Genial y extravagante, su magnetismo sexual, según él mismo reconoció, le hacía irresistible a «mujeres, hombres o animales». Nacido hace 80 años en Omaha (Nebraska), destacó desde temprana edad como un ser sensible, incapaz de tolerar la mediocridad de una ciudad provinciana.

Agobiado por las tensiones familiares y las reglas de la academia militar a la que iría a parar por orden de su padre, encontró su verdadero camino tras un fallido intento de convertirse en batería y trabajar esporádicamente como lavaplatos, ascensoristas o camionero.

El Actors Studio de Kazan le permitió hacer realidad su gran sueño, interpretar. Sus primeros éxitos sirvieron para constatar que pocas veces un mito del celuloide se ha construido sobre tanta calidad interpretativa.
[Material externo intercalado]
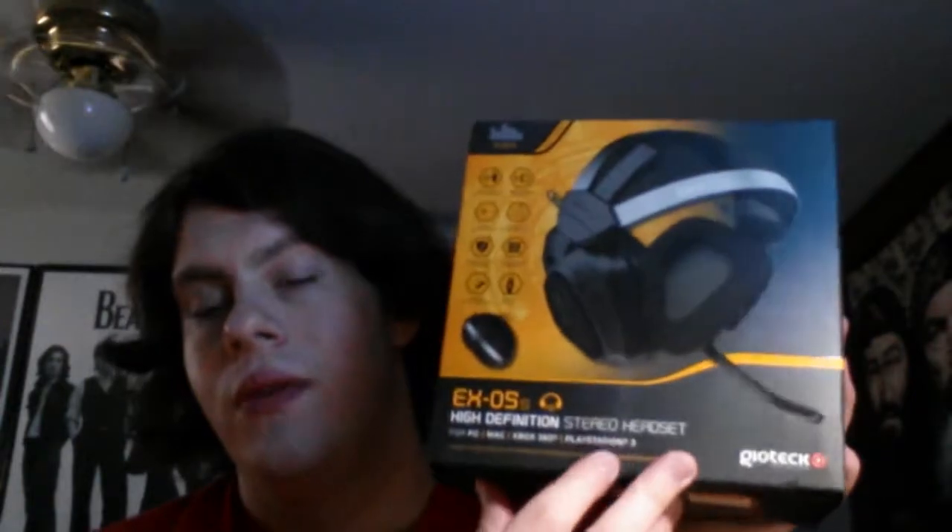It's the easiest. Today I picked up a new gaming headset. This is the EX05s — I believe that's what you call them. They're a gaming headset, so you can use them for your PC, your Mac, your Xbox 360, and your PS3.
Los éxitos se sucedían a medida que su vida personal atentaba, cada vez más, contra las formas destablishment.

De sus líos sentimentales habló largo y tendido en su famosa autobiografía «Las canciones que mi madre me enseñó», aunque no quiso entrar en detalles sobre uno de los sucesos que marcarían la última etapa de su vida: el suicidio de su hija Cheyenne, quien se ahorcó después de que su hermano Christian, el predilecto de Brando, asesinara a su novio. Tras intervenir en «El último tango en París» y la primera entrega de la multioscarizada trilogía «El padrino», sus dos últimas grandes creaciones, Brando empezó a desprenderse de su mito.
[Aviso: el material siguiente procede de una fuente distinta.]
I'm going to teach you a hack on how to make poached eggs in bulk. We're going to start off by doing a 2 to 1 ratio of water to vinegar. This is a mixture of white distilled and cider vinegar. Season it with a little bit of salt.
Apartado de todos y de todo, se refugió en su casa de estilo japonés de Mulholland Drive, donde pasaba horas enganchado a Internet, visitando páginas dedicadas a él, corrigiendo datos equivocados.

De tarde en tarde recibía a alguno de sus amigos: Johnny Depp, un joven actor por el que sentía debilidad, o el promotor pugilístico Larry King. Cuando necesitaba dinero no dudaba en aparecer en películas de muy desigual interés (por su breve cometido en «Apocalypse now» cobró una fortuna).

En una de las últimas, «Un golpe maestro» coincidió por primera y única vez con un actor al que algunos consideran su sucesor, De Niro. Ahora, la muerte acaba de ganarle a Brando un largo pulso en defensa de su libertad, su individualidad, su provocación. A su negativa a aceptar lo establecido.